### [Dataset excerpt]
[Start of Attachment]
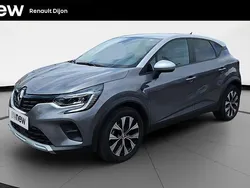 Gris Utilisé 2022 Renault Captur Evolution SUV | 16 580 € (Prix juste)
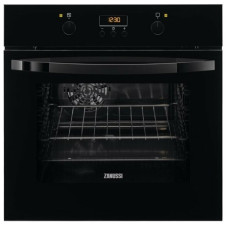 Электрический духовой шкаф Zanussi ZOB35702BV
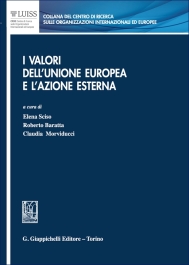 I valori dell'Unione Europea e l'azione esterna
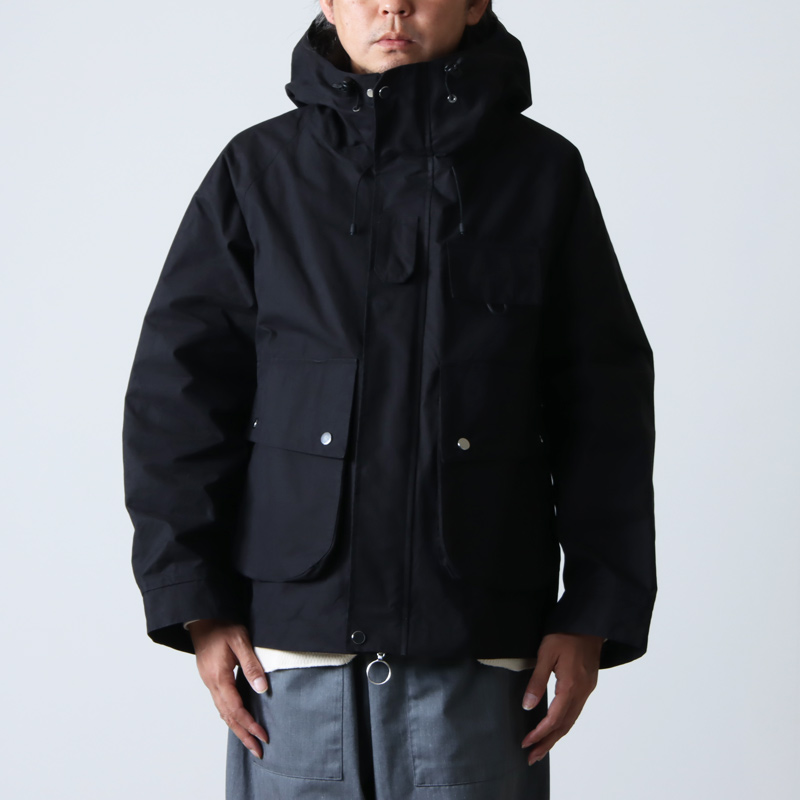 MARKAWARE (マーカウェア) HOODED HUNTER JACKET 2 / フーデッドハンタージャケット2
[End of Attachment]
### [Task item]
Write down the full listing above exactly as it is, except for any images.

### [Solution for this problem]
 Gris Utilisé 2022 Renault Captur Evolution SUV | 16 580 € (Prix juste)
 Электрический духовой шкаф Zanussi ZOB35702BV
 I valori dell'Unione Europea e l'azione esterna
 MARKAWARE (マーカウェア) HOODED HUNTER JACKET 2 / フーデッドハンタージャケット2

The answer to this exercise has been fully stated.